03 Apr 2007
Hybrid AlGaInAs-silicon laser specialist Alexander Fang talks with optics.org about how developers are addressing manufacturing issues.
Intel and UCSB have announced major improvements to their hybrid AlGaInAs-silicon laser platform that was unveiled to the world last year. The latest design features a "racetrack" shaped laser cavity that is entirely defined by silicon processing and now also includes on chip photodetectors. (Optics Express 15 2315)
The dream is to come up with an affordable toolkit that gives chip makers the basic building blocks for creating high-speed photonic integrated circuits. By taking a monolithic approach, the group hopes to move away from a dependence on wafer dicing and facet polishing that limited the appeal of its original hybrid laser to manufacturers.

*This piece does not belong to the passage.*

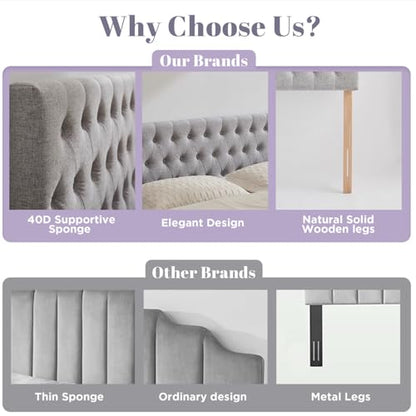 Upholstered Queen Headboard Only, Premium Linen Button Tufted Headboards, Adjustable Solid Wood Head Board, Padded Headboard with Solid Wood Legs in Bedroom (Grey) - color: Gray, size: High Queen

"We wanted to show that our hybrid silicon waveguide can be used as an integration platform," Alexander Fang of UCSB's department of electrical and computer engineering told optics.org. "By placing photodetectors on the output of the laser we can test the chip without the cost of additional fabrication steps."
As well as tackling manufacturing issues, the team has been busy improving device performance. "Last year, the laser had a maximum operating temperature of 40 degC and now it works at up to 65 degC," revealed Fang. "The hope is to have silicon lasers that operate at 85 degC and beyond to reduce the amount of power that is required for thermoelectric cooling."
To make the device, the researchers bonded an AlGaInAs quantum well structure to a low-loss silicon rib waveguide. The electrically-pumped evanescent laser emits up to 29 mW of optical power at a wavelength of 1590 nm.
Fang and his colleagues have also demonstrated a discrete amplifier based on the same waveguide structure, which represents another step towards building practical transmitters and receivers on silicon. (IEEE Photonics Technology Letters 19 230)
Critics are concerned about the scalability of the group's wafer bonding technique, but Fang remains upbeat. "We're in the process of studying the effects of moving to larger bonding areas on bonding quality and device performance," he commented. "From a device perspective, it could be feasible to see our technology in applications like board-to-board interconnects in five years or so."